See Configuring TCP ports for a list of ports used in a server farm.

Once a certificate is added, the default ICA and Citrix XML Service ports are added for the local computer.
  • Relay Listening Port. The TCP port where SSL clients connect to the SSL Relay. The default port number is 443. If your server has multiple IP addresses, this port is used on all of them. If you change this value, you must make the same change on the client device. You may also need to open the port on any firewalls between the client device and the SSL Relay.
  • Encryption Standard. SSL Relay can be configured to use either SSL or TLS. The protocol that is required is configured using the SSL Relay configuration tool.
  • Server Name. The fully qualified domain name (FQDN) of the server to which to relay the decrypted packets. If certificates are not configured, no servers are listed. If certificates are configured, the FQDN of the server on which the SSL Relay is running appears here.
  • Ports. The TCP ports where ICA and the Citrix XML Service are listening.
Important: If you change the default Citrix SSL Relay port, you must set SSLProxyHost to the new port number in the Citrix online plug-in icaclient.adm file. For more information about plug-in settings, see the plug-in administrator documentation.

To modify the destination server list

  1. On the server where you installed Citrix SSL Relay, click All Programs > Citrix > Administration Tools > Citrix SSL Relay Configuration Tool.
  2. Click the Connection tab.
    • To add a server to the destination server list:
      1. Click New.
      2. Type the FQDN of the computer in the Server Name box. (Additional servers must also be specified in the configuration of servers running the Web Interface.)
      3. Type the port number of the Citrix XML Service in the Destination ports box and click Add.
    • To change the port for a server listed in the destination server list:
      1. Select the server entry and click Edit.
      2. In the Target Server Properties dialog box, select a destination port to remove and click Delete.
      3. In the field below Destination ports, type the number of the new destination port and click Add.

To run the SSL Relay on port 443 without using HTTPS

  1. Stop the Microsoft Internet Information Service.
  2. Configure and start the SSL Relay service.
  3. Restart the Microsoft Internet Information Service.
The SSL Relay uses port 443 before IIS, including when the server is restarted.
Note: When you configure XenApp, members of the User group are allowed to edit registry entries in the registry hive HKEY_LOCAL_MACHINE\SOFTWARE\Wow6432Node\Secure\Citrix\Citrix SSL Relay, or HKEY_LOCAL_MACHINE\SOFTWARE\Secure\Citrix\Citrix SSL Relay on XenApp, 32-bit Edition. You can use the Microsoft Security Configuration and Analysis tool to prevent members of the User group from editing these registry entries.
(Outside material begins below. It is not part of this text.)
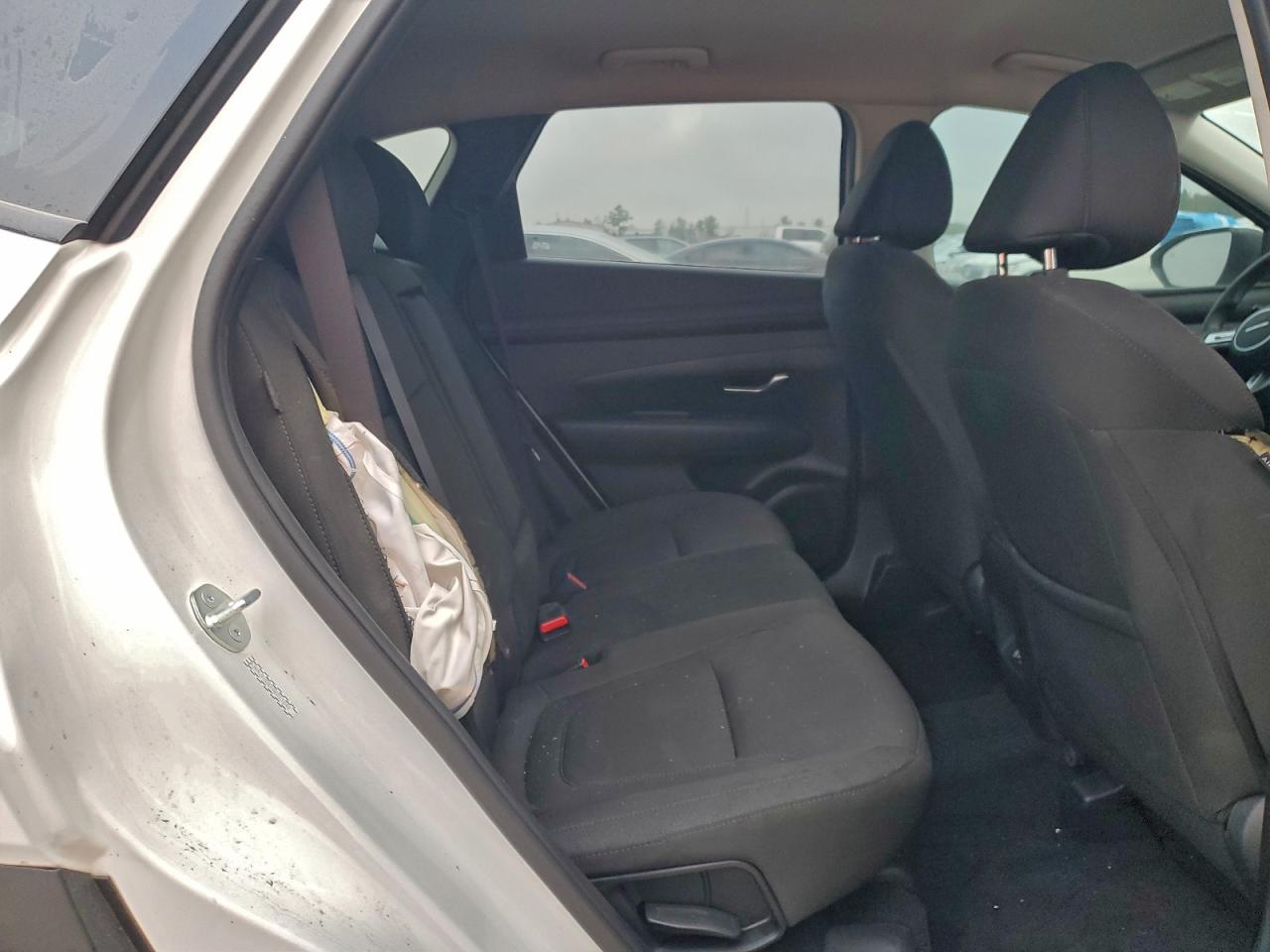 2025 HYUNDAI TUCSON SEL photo 11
Configuring the Ciphersuites Allowed by the SSL Relay

Use the Citrix SSL Relay Configuration Tool to configure which combinations of ciphersuites the SSL Relay will accept from the client (a server running the Web Interface or Citrix online plug-in). The Ciphersuites dialog box lists the available and allowed ciphersuites. The SSL Relay accepts connections only from clients that support at least one of the allowed ciphersuites. Installing additional ciphersuites is not supported.

Available ciphersuites are grouped into GOV (Government) or COM (Commercial). Note that GOV ciphersuites are normally used when TLS is specified. However, any combination of ciphersuite and security protocol can be used. Contact your organization’s security expert for guidance about which ciphersuites to use.

Descriptions of ciphersuites are found in Appendix C of the Internet Society RFC 2246, available online at

By default, connections using any of the supported ciphersuites are allowed.

To add or remove ciphersuites

  1. On the server where you installed Citrix SSL Relay, click All Programs > Citrix > Administration Tools > Citrix SSL Relay Configuration Tool. Click the Ciphersuites tab.
  2. Select a ciphersuite from either the left column and click Add to allow it or from the right column and click Remove to disallow it.